The season has been laid to rest.
Fans have completed their lamenting of the Anaheim Ducks sweeping the Winnipeg Jets. The healing process has begun.
But, before full closure can be completed, an autopsy of the Jets season must be initiated.
We turn our evidence-based breakdown of the Jets depth forward, Matthew Halishcuk.
Numbers include all situations including non 5v5 TOI.
Matt Halsichuk put up his lowest point totals since his rookie season for the New Jersey Devils. This was in part because Halischuk played the lowest minutes per game of his career, but also from shooting about half his career norm.
Graph courtesy of WAR-on-Ice.
Rankings are out of the Jets 17 forwards with 50+ 5v5 minutes, except special team minutes are each out of 11 Jet forwards.
Halischuk received a gentle offensive zone push. He took some even strength minutes, and the odd penalty kill shift. Halischuk didn’t not face much in competition nor did he play much with the Jets best.

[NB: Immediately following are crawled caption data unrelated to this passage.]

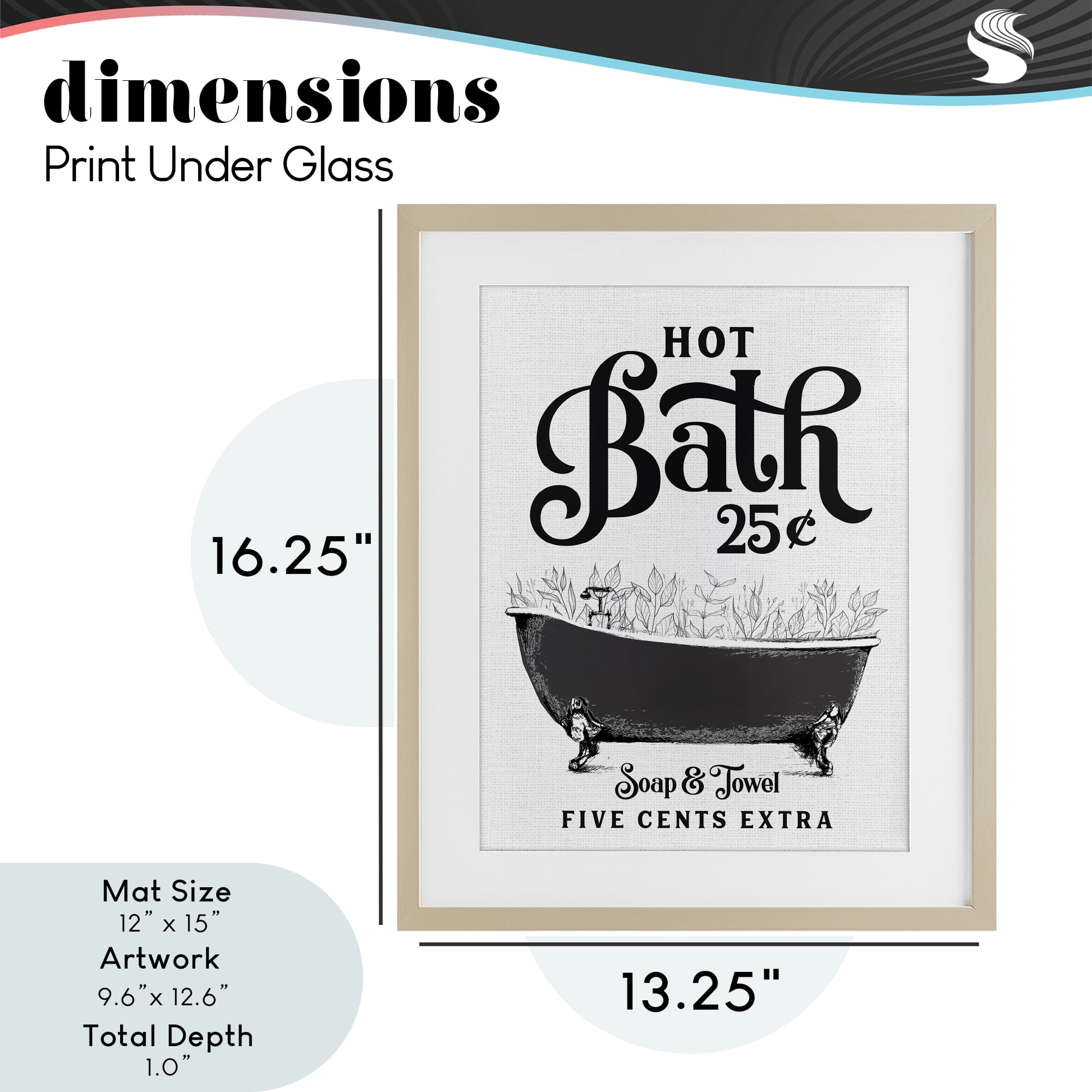 Hot Bath with Bubbles Birch Framed Print Under Glass, design by Lettered and Lined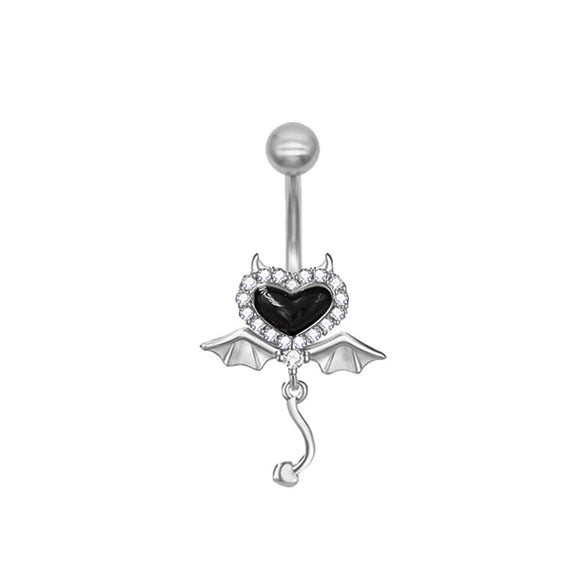 Wholesale Zinc Alloy Heart Shape Bat Navel Ring Gold Plated
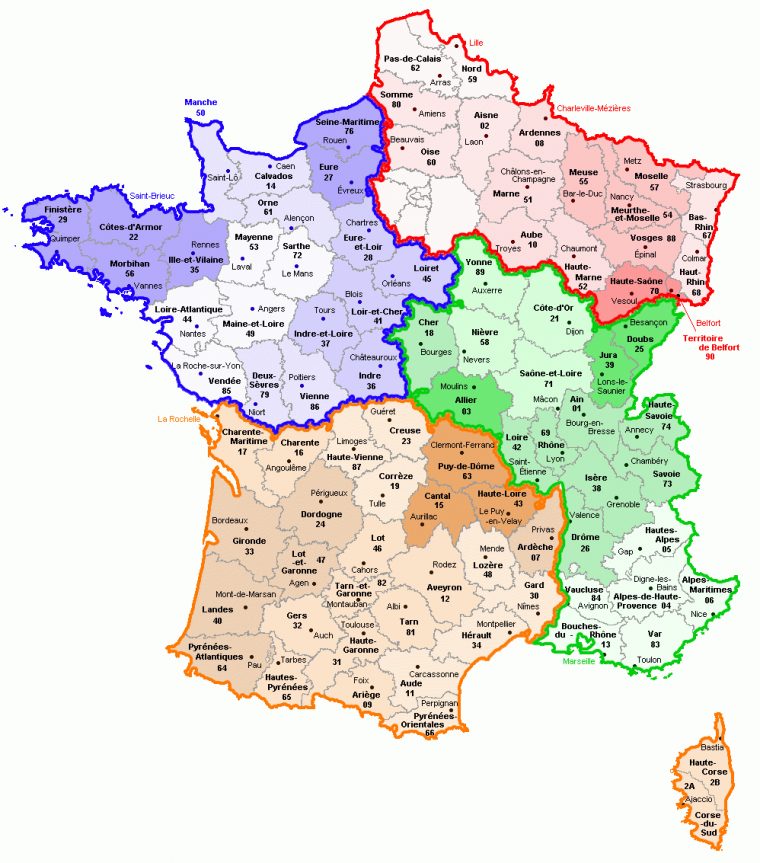 Pz C: Carte De France tout France Grande Bretagneretagne Avec Capitales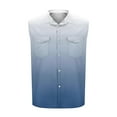 thumbnail image 4 of VBTAPA Men's Gradient Button Down Tank Top Sleeveless Casual Workout T Shirt Collared Beach Vacation Blouse with Chest Pockets Blue XL, 4 of 6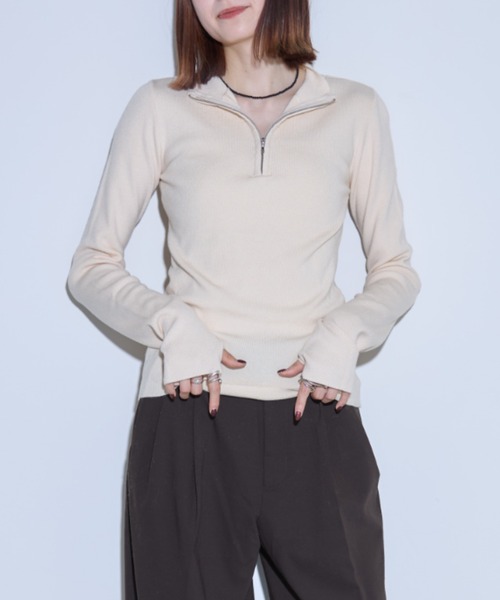leimn(レイムン)の「フィンガーホールハーフジップリブニットポロシャツ(ニット/セーター・レディース・アイボリー/チャコールグレー/ブラック・FREE)」の16枚目の写真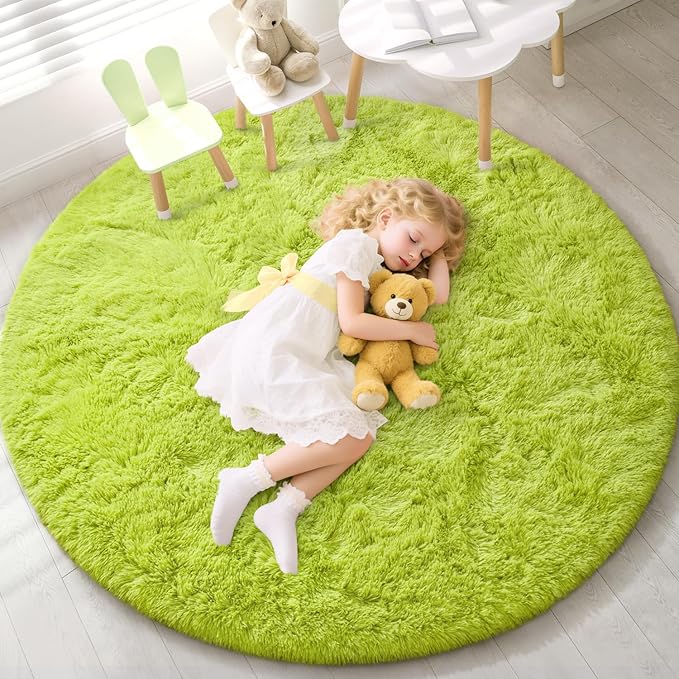 EVOIONOS Green Grass Round Rug for Bedroom, 4x4 Ft Fluffy Soft Circle Area Rugs for Living Room, Plush Shaggy Circular Carpet for Indoor Floor Bedside Girls, Machine-Washable Home Decor Aesthetic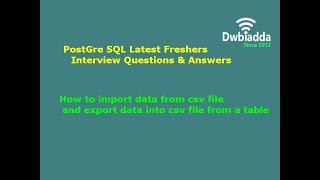 How to import data from csv file and export data into csv file from a table | PostgreSQL Tutorial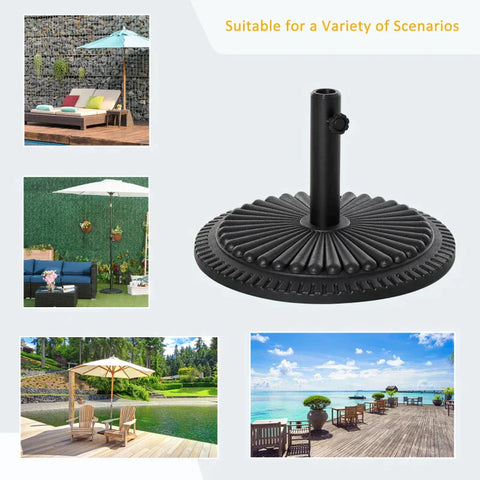 Rootz Parasol Stand - 14 Kg Parasol Stand For Parasol - Round Parasol Poles - Parasol Base For Garden - Balcony - Cement - Black - Ø49 x 32H cm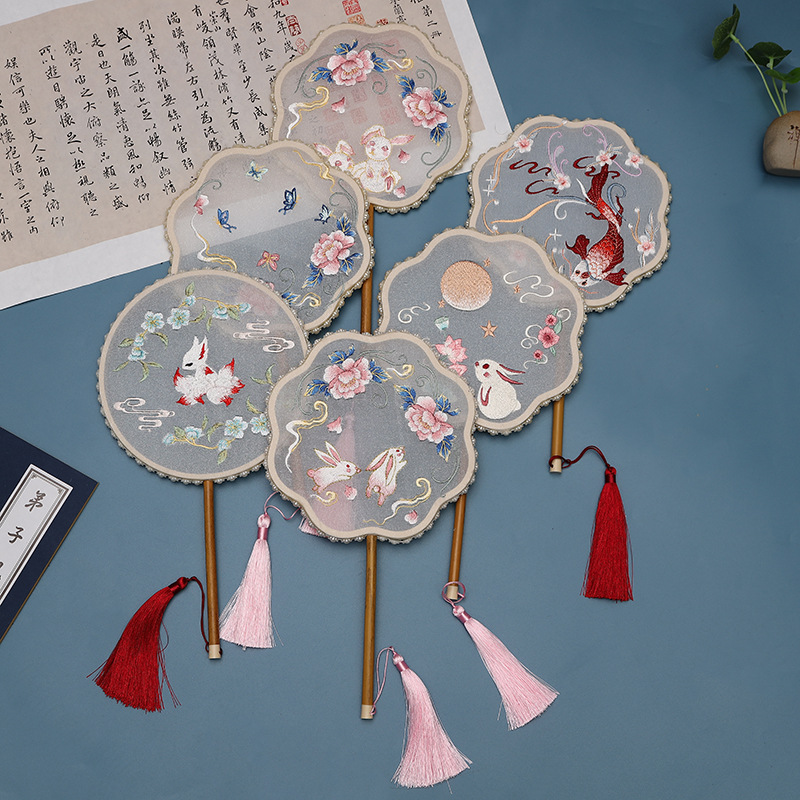 Factory Direct Sales Suzhou Embroidery Circular Fan Embroidery Jade Hare Koi round Fan Han Clothing Vintage Fan Mottled Bamboo Long Handle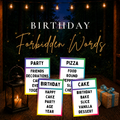 Birthday Forbidden Words printable party game with colorful birthday-themed guessing cards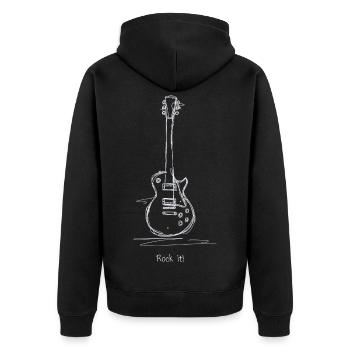 Motif du rock à la guitare craie - Veste à capuche bio Premium Unisexe - noir - Dos - Nico (187cm)
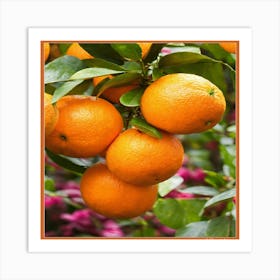 Oranges On A Tree Art Print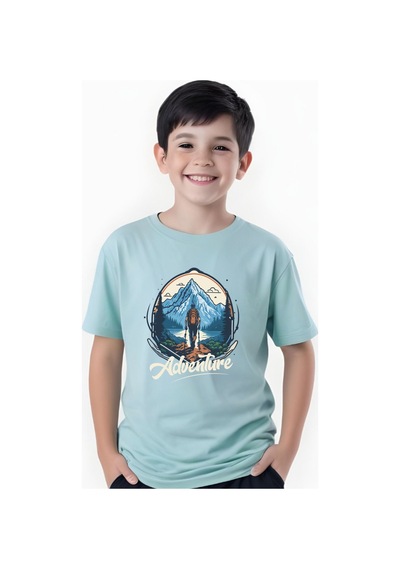 Panios Kids Adventure Baskılı Erkek Çocuk Yuvarlak Yaka Kısa Kollu T-shirt Mint Yeşili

Compared to fourth line and pressbox depth forwards, Halischuk posted pretty decent shot metrics. Of course, so did Anthony Peluso and Chris Thorburn thanks to the Jets being a pretty strong team.
Visual courtesy of Micah McCurdy.
Despite averaging fourth line minutes, Halischuk mostly played on the third line with Adam Lowry.
Historically Halischuk has been a decent scorer but a bit of an anchor in shot metrics. This season was (a bit) of a reverse.
Halischuk paced the typical point production of a fourth liner. As noted previously, Halischuk’s goal production was about half his norm due to a uncharacteristically low shooting percentage. Normalize this and we’d expect about a 1.5 points per sixty pace, which would be above Jets other depth forwards like Peluso, Thorburn, Jim Slater, and T.J. Galiardi.
dCorsi suggests that Matt Halischuk’s decent shot metrics (relative to the other depth forwards) was still an underperformance relative to expectations given his usage. He out performed Drew Stafford and the previously mentioned depth forwards in both Corsi and scoring chance differentials, but not by much.
Matt Halsichuk’s point production was disappointing relative to his typical pace, but shooting percentage variance could be the cause to his repressed numbers. Still, his point production was average for a depth forward. His shot metrics, while not great like effective lower pieces (see Marcel Goc or Lee Stempniak), was still better than most of the players the Jets cycle on the fourth line.
It will be interesting to see how Halischuk is deployed next season, if he is a Jet again.